If at the first visit or at any time blood pressure is constantly over 140 systolic and 90 diastolic, drug treatment is started together with life style modification. Begin with two drugs: Calcium channel blocker and either ACE inhibitor or Angiotensin receptor blocker in small doses and review in 3 months. If controlled continue with it and if not, increase doses and review in 3 months. If controlled continue with it and if not, increase doses add Thiazide diuretics and review in 3 months. If still not controlled you could try adding Spironolactone. If still no response, check for compliance of drugs and life style and consider centrally acting drugs as Clonidine or Methyl Dopa. Target blood pressure in those with co-morbidity or end organ damage is 130 systolic by 80 diastolic and those without 140 systolic and 90 diastolic. Beta blockers are preferable for heart problems like heart failure, angina or palpitation and ACE inhibitors are preferable for diabetes, albuminurea or kidney disease except stage 4. In elderly (>80 years), drug of choice is Thiazide diuretics or Calcium channel blockers.

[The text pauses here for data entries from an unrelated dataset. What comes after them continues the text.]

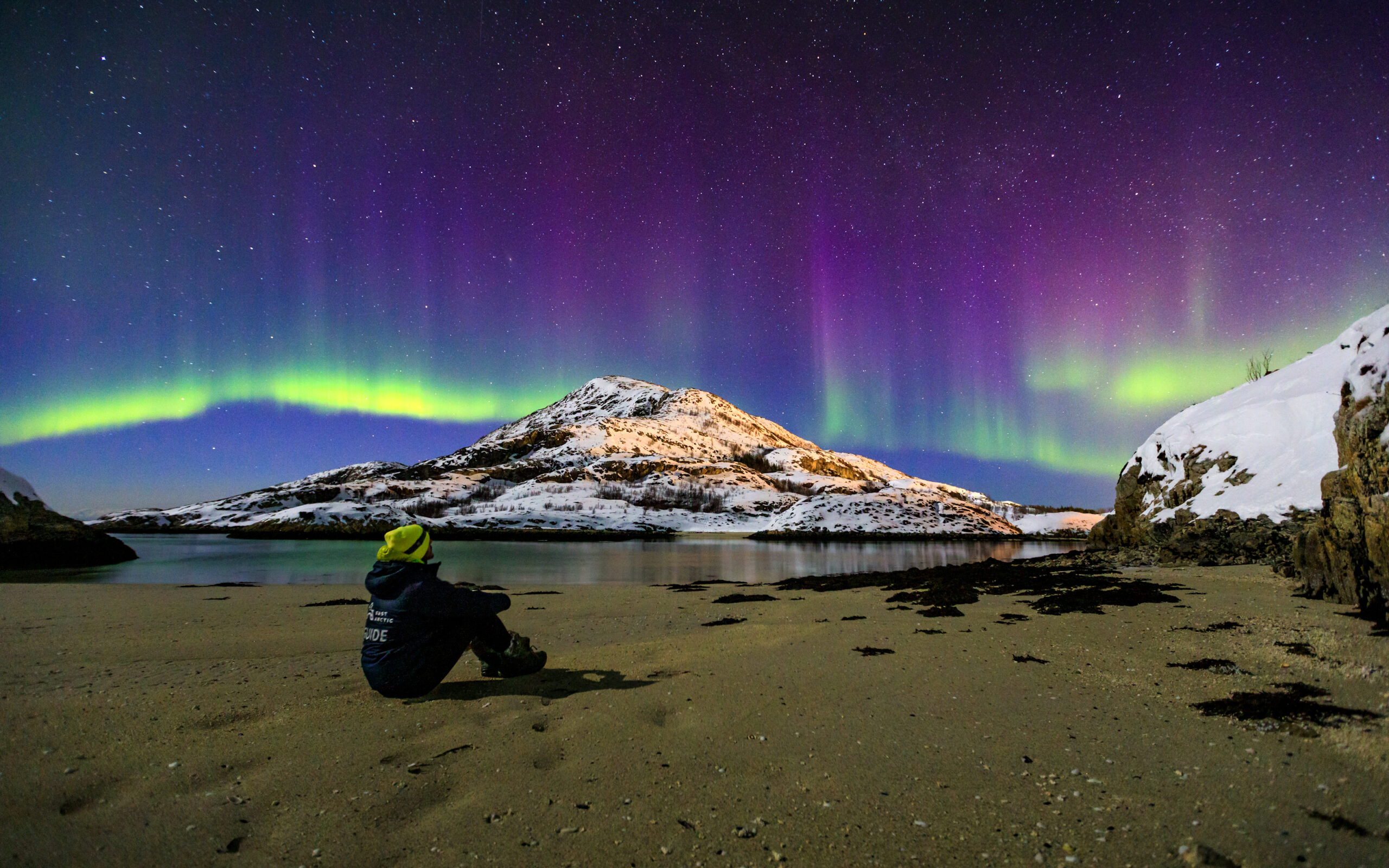 A guide watching the purple and green aurora over a fjord and snowy mountains near Tromsø
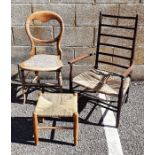 Low ladderback armchair with rush seat, cane seated chair and a stool (3)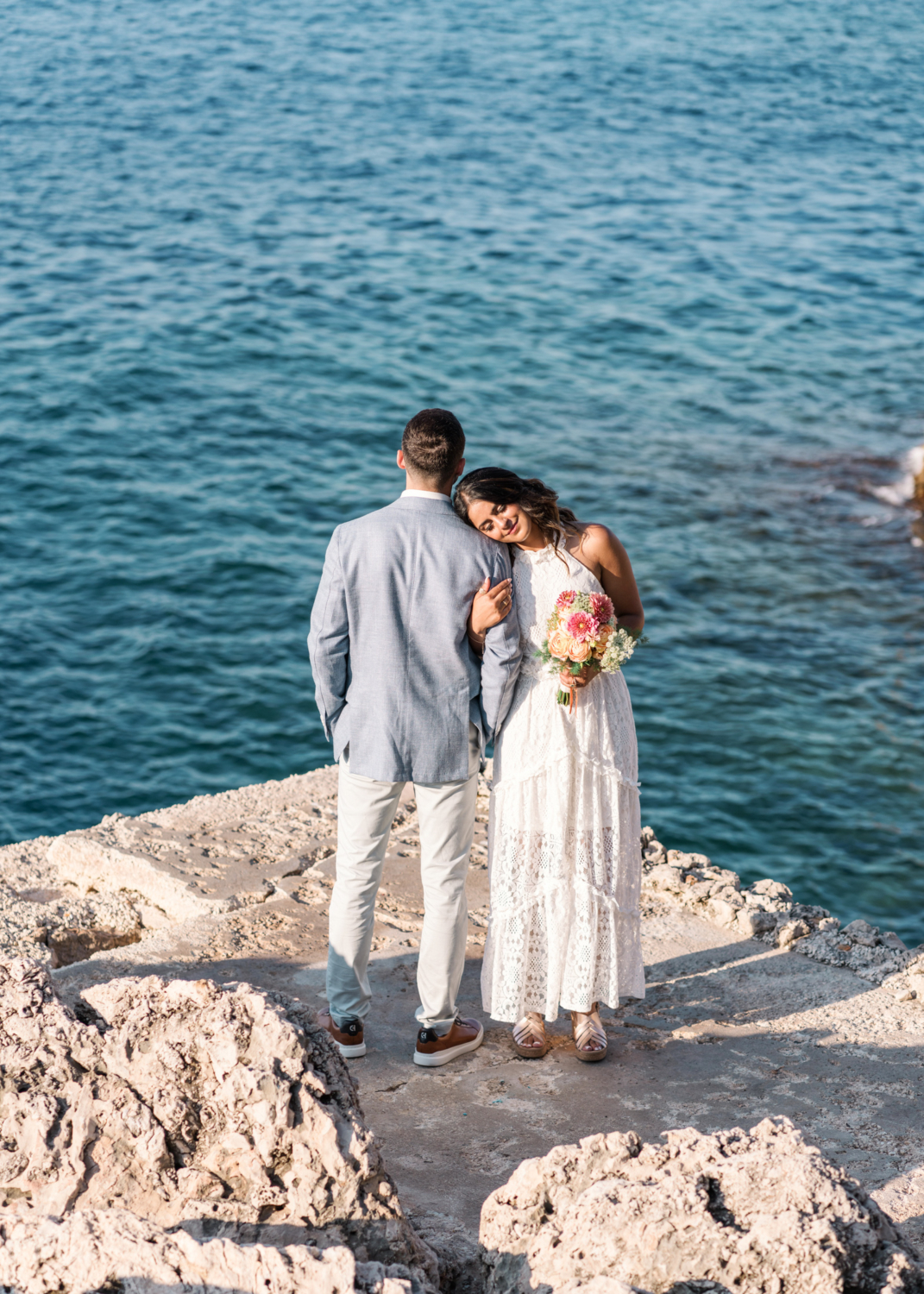 bride puts her head on grooms shoulder with sea view in saint jean cap ferrat france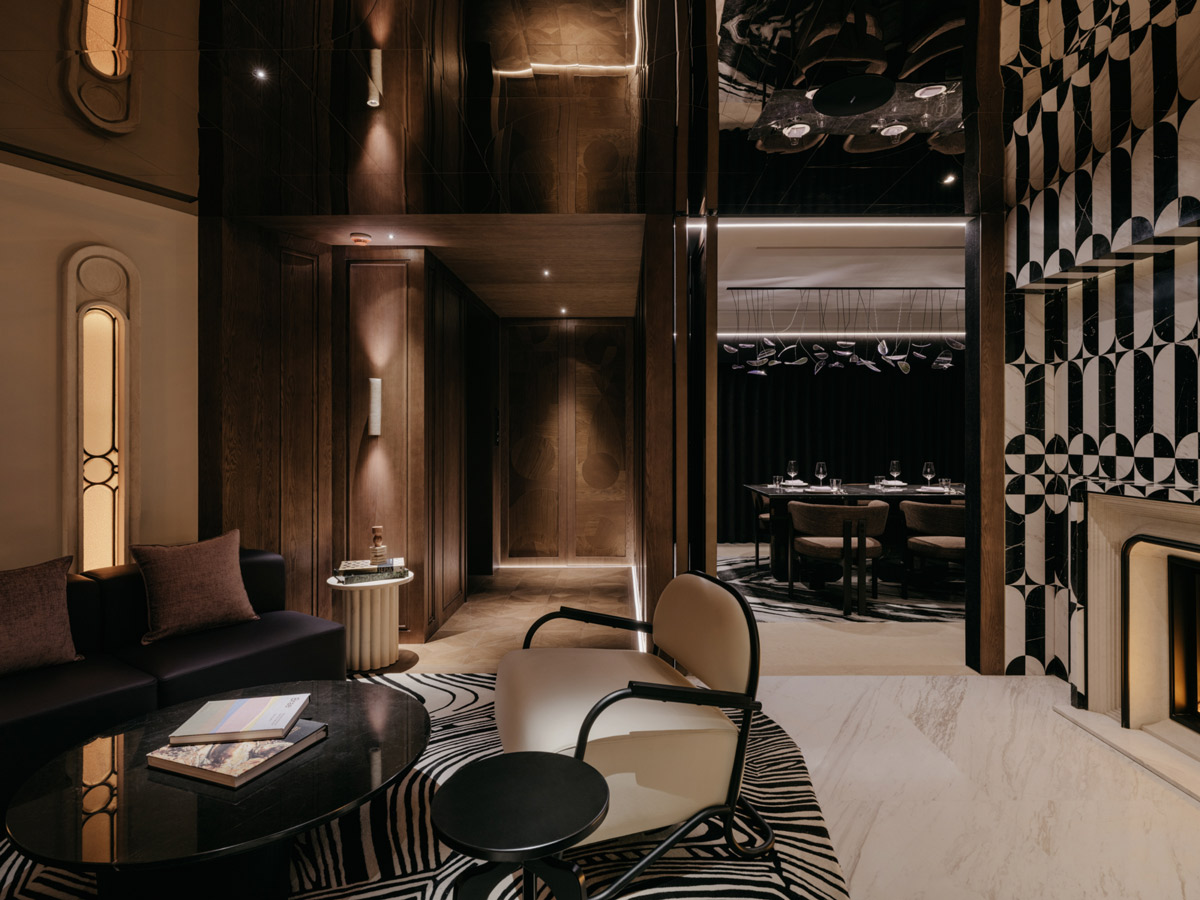 Lounge area of Aster restaurant in Shanghai with upholstered seating and view of private dining room with suspended lighting installation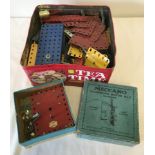 A tin of vintage Meccano together with a boxed Meccano Clockwork Motor No. 2.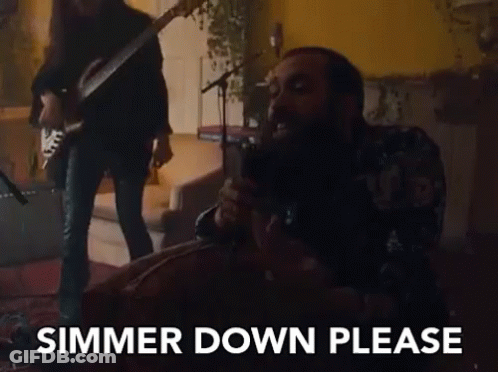 A Man Is Singing Into A Microphone While Another Man Plays A Guitar Behind Him . GIF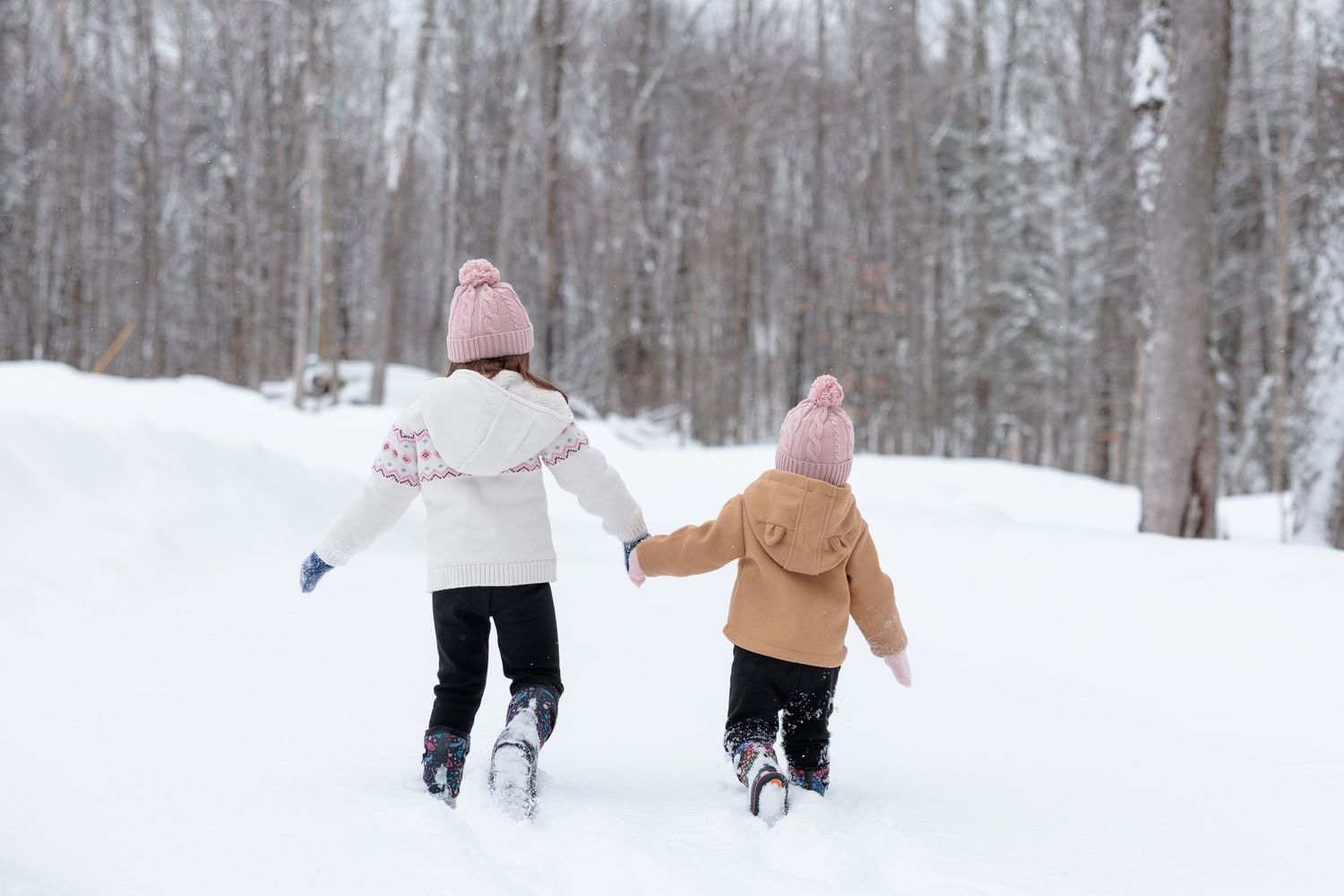 Two young girls in pink winter hats hold hands walking through a snowy forest.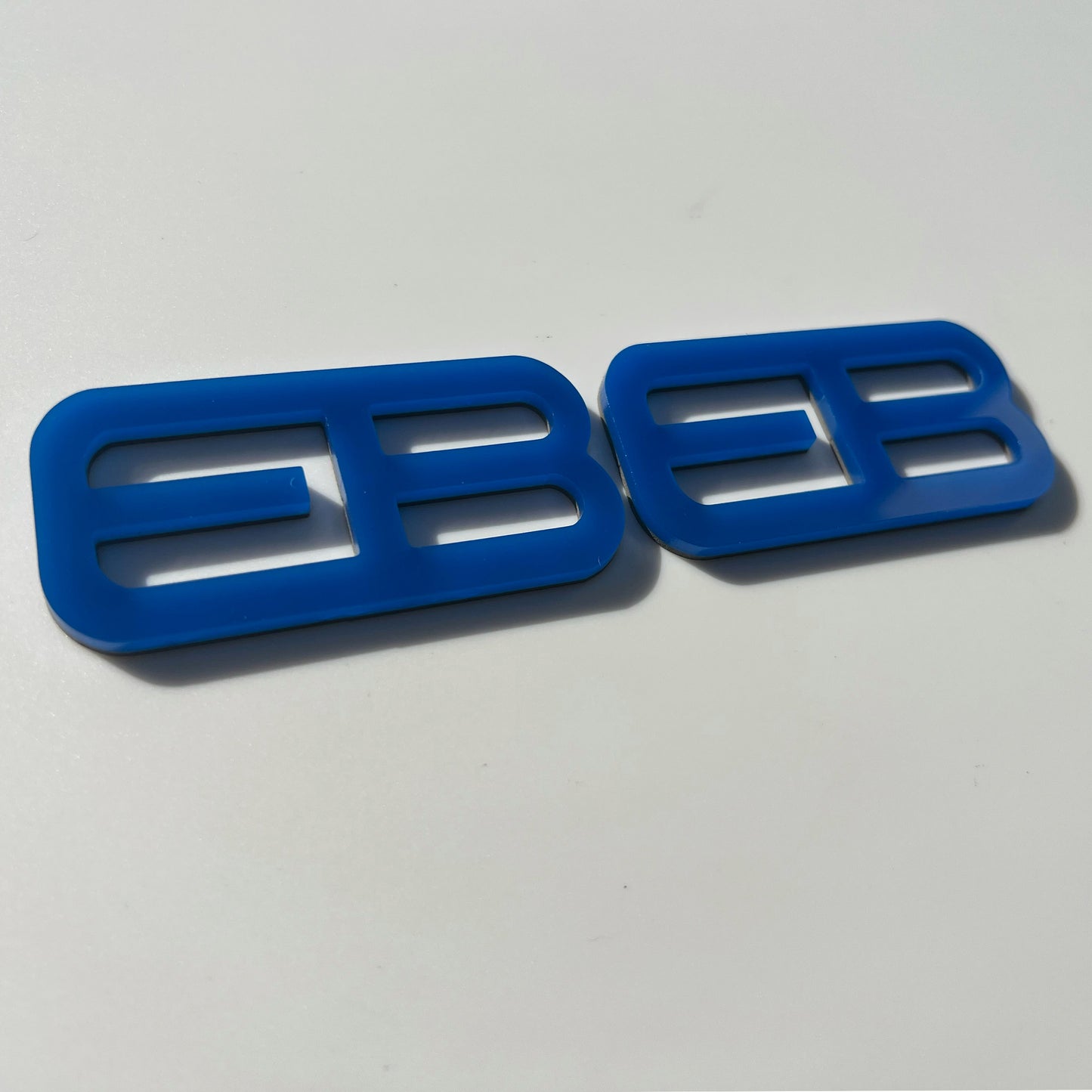 Blue custom emblems for Ford Mustang f-150 by FMSgear displayed on white background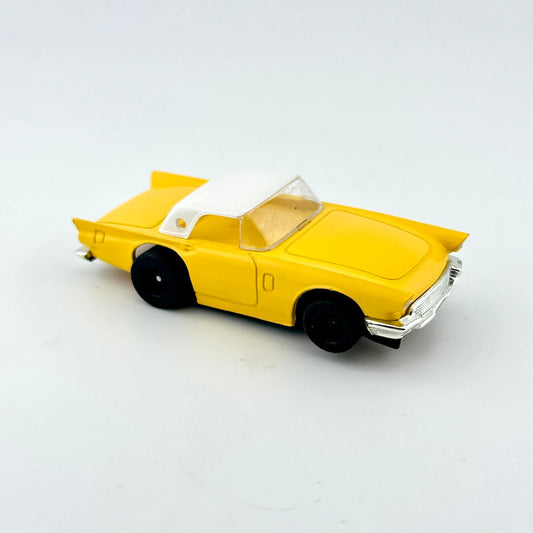 Yellow toy car with a white roof on a light gray background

If blood pressure is over 180 systolic or 110 diastolic, it is called hypertensive crisis common causes of which are resistant hypertension (not controlled by three dugs or at end stage chronic kidney disease). If no end organ damage, it becomes an urgency and if present it becomes an emergency. For urgency, controlled reduction of blood pressure is done over several days as immediate drop could cause ischaemic stroke. Bed rest with oral medication such as beta blockers or calcium channel blockers is prescribed. For emergency, controlled reduction of blood pressure is done during course of hours with intra-arterial blood pressure monitoring. It is brought down to 160 systolic and 100 diastolic slowly in six hours and then gradually brought to normal range. Drugs used are Labetolol 50mg IV over 1 min repeated if necessary every 5 mins to a maximum of 200mg or Sodium Nitroprusside infusions.

New treatment is in the horrizon called “Renal denervation”, in which a catheter is passed through arteries into renal artery and ultrasound or radiofrequency energy beamed, whose pulses pass along arteries in kidney to selectively target surrounding nerves.